Slain missionary's daughter inspires new generation
Published 28 August 2012
It has been 56 years since Valerie Elliot Shepard's father died trying to share the gospel with a tribe of Ecuadorian Indians.
Jim Elliot was killed by the Auca Indians alongside four of his Wheaton College classmates but the brutality of the tribe did not stop Jim's daughter and wife from living with the very people who had killed him.
The tribe came to accept Jesus, and a new understanding of the love of God caused them to abandon their violent ways.
Now Valerie wants to share the experience of her unique jungle childhood amidst the Waodani people.
Her story is told through the curious eyes of a child in her new children's book, Pilipinto's Happiness: The Jungle Childhood of Valerie Elliot.
The book is out on 8 October, the 85th anniversary of Jim Elliot's birth.
The story begins two years before her father's murder and depicts in colourful detail how the Indians, their language, and even the dangerous jungle elements created a delightful playground for learning to trust God's hand and to respect the simplest of His gift.
She describes the jungle surroundings where she walked, climbed, and fluttered around for five years as "Pilipinto", which means "butterfly" - the Indians' nickname for her.
"The gift to me, and what mother and God taught me, was the principle of being perfectly content," she shares.
"God puts us in all kinds of situations as we are growing up.

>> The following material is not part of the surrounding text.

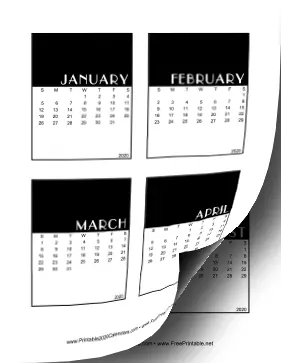2020 Vertical Scrapbook Calendar Cards Calendar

My situation was unusual, amazing, and simple.
"There is an awful discontentment among young people.
"I do look at the youth culture and just feel only the Lord can bring about a heart contented with simple pleasures and gifts from the Lord."
In addition to being content, Shephard hopes young people will take away the book's lessons about simple living, faithfulness in adversity, and true heroism.
"Because my parents prayed and hoped to bring Indians to the Lord, when my father was killed my mother had no plan or immediate thought she should leave Ecuador," Shepard remarked.
"Human fears would flood her mind, but verses from Scripture gave her peace and assurance we would be taken care of.
"Mother continued to work with the Indians and continued to pray for them. And the more that she prayed for them, the greater her love grew for these people in need of a Saviour."